Saturday, February 11, 2006

Hope Remains, Returns

Well come on in here out of the cold my deer and a welcome before ye. How was ever’one at the Joke Factory? We’re all in the parlor havin’ some cherry pie and coffee. Crumby, take Hope’s bags to her room.

Yes’m.

Well my goodness and hello to you goddess, everything was as it always is at the Joke Factory (JF) and everyone there is most amusing and clever and Nancy is as always up to new and old tricks and they were all safe, and happy indeed to espy the return of Sugarplum and Sweetipie. For they had a very nice party for those twain all arranged and all the denizens of the JF turned out dressed up for it and many had dressed up in their best blue skins. Much is anticipated from those twain, both Sweetiepie and Sugarplum. Did you realize Red gave Sugarplum a beehive? I didn’t realize Sugarplum had bees in the taxi until we arrived at the JF, and Sugarplum created quite a stir when she extracted a beehive from her suitcase together with a great many bees. Red, Sugarplum says ye gave her those bees, and although Sugarplum seemed to have the bees well-spelled, Nancy was concerned that ye would present Sugarplum with so many bees, since Sugarplum is such a little Tabby Labber.

Here’s some nice pie, dear, and coffee too as ye like it with milk and dark chocolate.

Oh, goodness gracious. Thank ye kindly goddess. Red, did ye give Sugarplum, bees?

Yep. I did, fer sure, fer that little un had her heart set on bees, so I give her some bees. I give both o’ them little darlins a gift er two, as it were, and as is proper of a Druid Ovate of my experience and estate. No harm will come o’ them gifts, I can assure ye of it, and that dang Nancy, as well as ye.

All righty then Red. We just needed to make sure Sugarplum didn’t borrow the bees, so if ye gifted those bees, that’s a gift from the Goddess.
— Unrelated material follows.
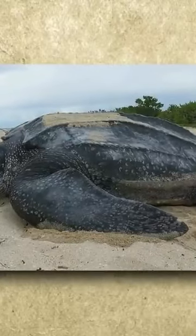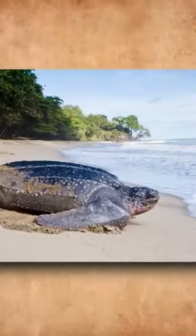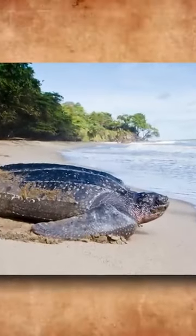The Mouth of a Leatherback Sea Turtle. The leatherback sea turtle is a remarkable and distinctive species among sea turtles. As the largest of all sea turtles, it boasts a unique leathery shell instead of the hard, bony carapace found in other turtle species.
Hello Lomo, hello Raymone, hello Rayetta, hello all ye dogs and cats and pigs, hello Crumby and thank you Crumby, for toting those bags along.

Easy that Hope, fer I be well known fer my pack mule qualities, fer sure.

Where’s Ray, Crumby?

Ray be hidin’ out fer the nonce.

Why is Ray hidin’ out?

Ray is frettin’ that Nancy may have sent another message his way akin to that bosom asp that he got upon yer initial arrival at the CB, beggin’ yer pardon.

Oh my goodness. Well I do have something for Ray from Nancy, but it is benign, for Nancy is pleased with Ray and his ability to spontaneously wax comatose and thereby avoid being a bad influence on Sweetiepie and Sugarplum.

Go fetch Ray, please Crumby.

All righty then, I am making good progress toward Ray’s general vicinity.
_____

a short while later
_____

Here he be in tow, my recalcitrant bosom companion.

Hello Ray. Nancy sent ye a present.

Er, maybe I don’t need no present.

Ray. I think you’ll like this present.

I will?

Yepper. Would ye like to see it?

Maybe, maybe not, Hope. Hold it forth at a fer distance from me.

All righty then Ray. I’ll hold it up where ye can espy it safely from afar.

All righty then. Dang! That is the very Fart Horn I prognosticated today, for no Fart Horn had previously been heard from in these parts prior to my prognostication of a Fart Horn just this mornin’. Give it me, Hope, for it shews much that my Druidic powers have greatly amplified, possibly as a result of that coma. Fer many say that traumatic happenstance even akin to comas can bring on great powers in the wise or well trained.

Ray, that is a very special Fart Horn indeed, for it offends not only the auditory sense, but the olfactory also.

It does!!! Jeez Louise!!! Happy Heifers!!! Why thankee indeed and I shall use it ever, only at the proper pomp and circumstance.